◆ PROVIDED DATA ◆
########
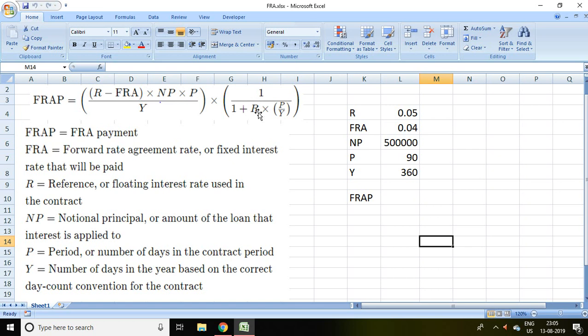Full form of FRAP is forward rate agreement payment. FRA is forward rate agreement rate or fixed interest rate.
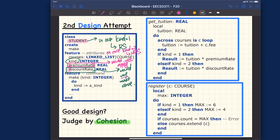So there are two possible violations of the cohesion principle. When kind equals 1, the discount rate doesn't apply. When kind equals 2, the premium rate doesn't apply. That is a violation of cohesion.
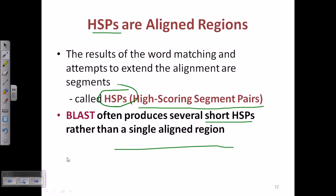That is the process of the BLAST algorithm. There are also many modifications of BLAST available that are being utilized, and we will be seeing those modifications later. Thank you — I hope this video is helpful.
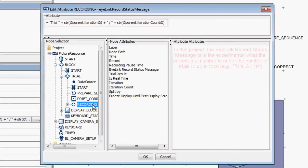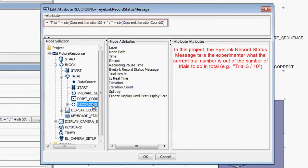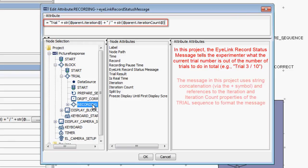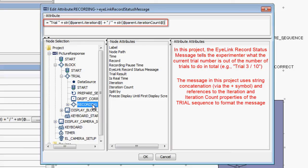In this project, our message gives feedback telling the experimenter the current trial number and how many trials are in the project in total. This message uses string concatenation and references to the iteration and iteration count property of the trial sequence to create a string that contains the properly formatted message text.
########
Return the data exactly. Pictures stay out.

Full form of FRAP is forward rate agreement payment. FRA is forward rate agreement rate or fixed interest rate.
So there are two possible violations of the cohesion principle. When kind equals 1, the discount rate doesn't apply. When kind equals 2, the premium rate doesn't apply. That is a violation of cohesion.
That is the process of the BLAST algorithm. There are also many modifications of BLAST available that are being utilized, and we will be seeing those modifications later. Thank you — I hope this video is helpful.
In this project, our message gives feedback telling the experimenter the current trial number and how many trials are in the project in total. This message uses string concatenation and references to the iteration and iteration count property of the trial sequence to create a string that contains the properly formatted message text.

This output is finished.